Если это так, то любовь человека к идеальному я совершенному бытию, предчувствуемая разумом, есть уже ощущение действительного единства с этим идеалом. Это — желание более интимного участия в его бытии и в его совершенстве. Это — само совершенство, поскольку оно привлекает нас к себе. Безкорыстная любовь — преданность или жертва собой ради идеальных целей, эта вечная женственность, как назвал ее Гете, есть божественная сила, нисходящая к нам и увлекающая нас вслед за собою на высоты:
Das Ewig Weibliche
Zieht uns hinan.
Таким образом, для того, кто ищет скрытый источник веры, источник этот открывается в идее и чувстве долга, как чего то священного. Для того, кто глубже проникает в идею прогресса, как объекта веры, идея эта подразумевает признание идеального и бесконечного бытия. И любовь к этому идеалу есть в сущности чувство родства с ним, начало участия в его бытии.
Но говоря это, не утверждаем ли мы тем самым, что корни человеческой жизни, как таковой, питаются религией?
Доискиваться творческого принципа жизни нет прямой необходимости.
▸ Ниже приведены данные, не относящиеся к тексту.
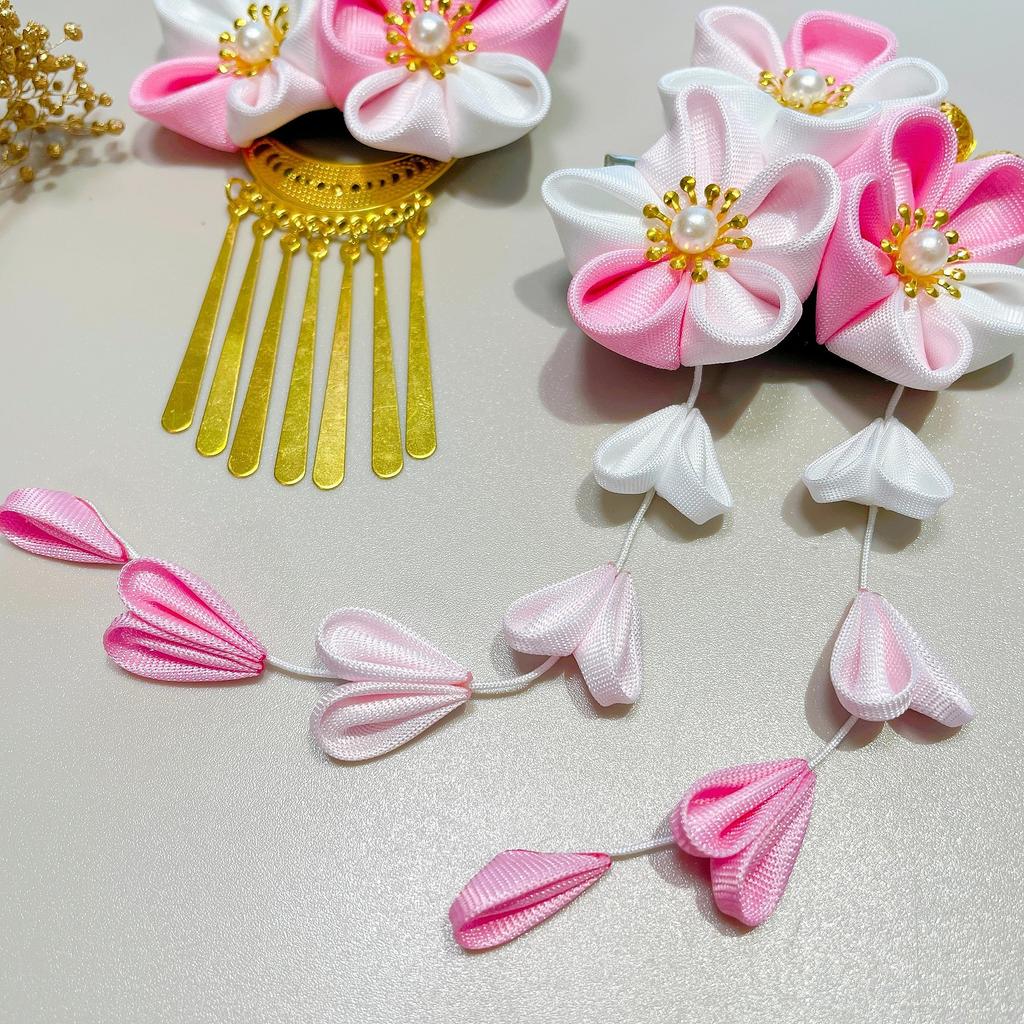 Pink and White Hair Ornament with Gold Perfect for Japanese and Dried Flower Tsumami-Zaiku Baby's Breath, Graduation, Clothing, Shichi-Go-San,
Можно жить одним инстинктом, или рутиной, или подражанием; быть может, можно жить абстрактным рассудком и наукой. Религия дарует человеку жизнь более богатую и более глубокую, чем чисто стихийное и даже чисто интеллектуальное существование; это своего рода синтез или, скорее, интимное и духовное единство инстинкта и интеллекта: слившись вместе и тем самым преобразовавшись и достигши высшего напряжения, оба они приобретают такую полноту бытия и такую творческую мощь, какие не доступны им, когда они действуют изолированно.
II
Р Е Л И Г И Я
Несомненно, многие склонны будут оспаривать, что религия действительно занимает в человеческой жизни то место, которое мы ей здесь отводим. Еще вчера, скажут они, можно было помириться с тем, что религия работает на пользу человеческого прогресса, так как тогда с ней была более или менее тесно связана мораль. Но эта связь явилась случайным и преходящим фактом. Исторически религия и мораль зародились и развивались независимо друг от друга. И как раз успехи морали вынудили религию приспособиться к ней и усвоить ее себе. Первоначально независимые одна от другой, они в настоящее время снова разделяются; и отныне, когда мораль эмансипировалась, сделалась самостоятельной подобно всем другим наукам, ее одной достаточно для того, чтобы руководить человечеством.